By this method, a silly little murder-mystery plot based on fringe-y psychodynamic theory becomes a platform for a highly engaged critique of Polish society and politics. Presumably Miłoszewski could have written either general realistic fiction or investigative nonfiction about these issues. Entanglement is blunt enough in its assessment of contemporary Poland, and it hasn't been suppressed or endangered its author that I know of (in fact, it spawned two sequels). The veil of fiction allows its critique to be generalized and diffused, but the critique cannot be missed. Entanglement is a good example of how writers can use the conventions, indeed clichés, of genre fiction to make critical interventions in socio-political discourse.

Ziarno prawdy (A Grain of Truth) deliberately sets out to chart the condition of Poland in the guise of a murder mystery.

Miłoszewksi explains in an afterword that he became enchanted by the town of Sandomierz after a visit there for a wedding, and became determined to set a novel there. The main problem, it would seem, was how to get his hero Teodor Szacki to Sandomierz full-time. After that, unleashing a plague of serial killings on the small city was relatively simple.
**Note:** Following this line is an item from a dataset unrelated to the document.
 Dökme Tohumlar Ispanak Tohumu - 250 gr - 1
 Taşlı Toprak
Szacki, we learn, had become fed up with both Warsaw and his marriage after the harrowing events of Uwikłanie. When a job opened up in sleepy Sandomierz, he jumped at it. Used to the bustle and variety of the capital, Szacki finds himself, by the time Ziarno prawdy opens, thoroughly fed up with small-town life.
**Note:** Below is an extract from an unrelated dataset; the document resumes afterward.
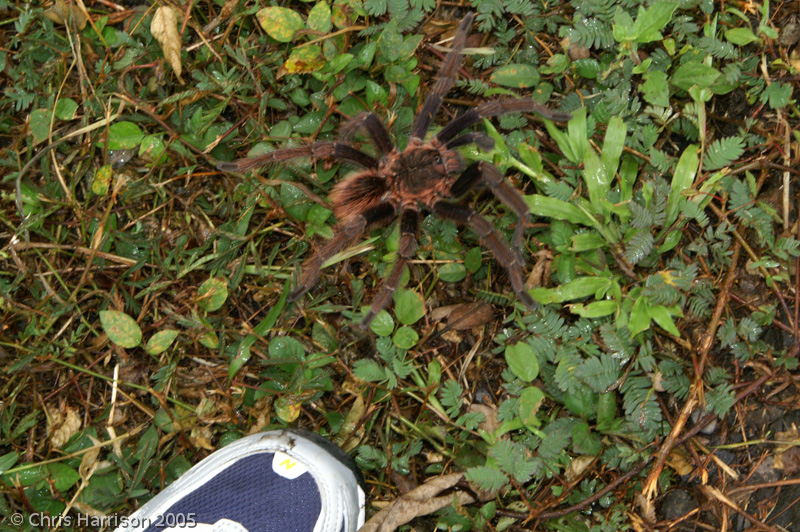 giant Panamanian tarantula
Though it's not for lack of action. The book begins with a ghastly murder, a woman killed by careful exsanguination that (it appears) is calculated to resemble ritual kosher butchery. In an town with an anti-Semitic past, the overtones of blood libel and racialist provocation are unavoidable. There are no Jewish suspects, naturally – there are virtually no Jews in Mioszewski's Sandomierz – but the crime seems to be the work of people determined to exclude Jews, and perhaps any other "outsiders," in perpetuity.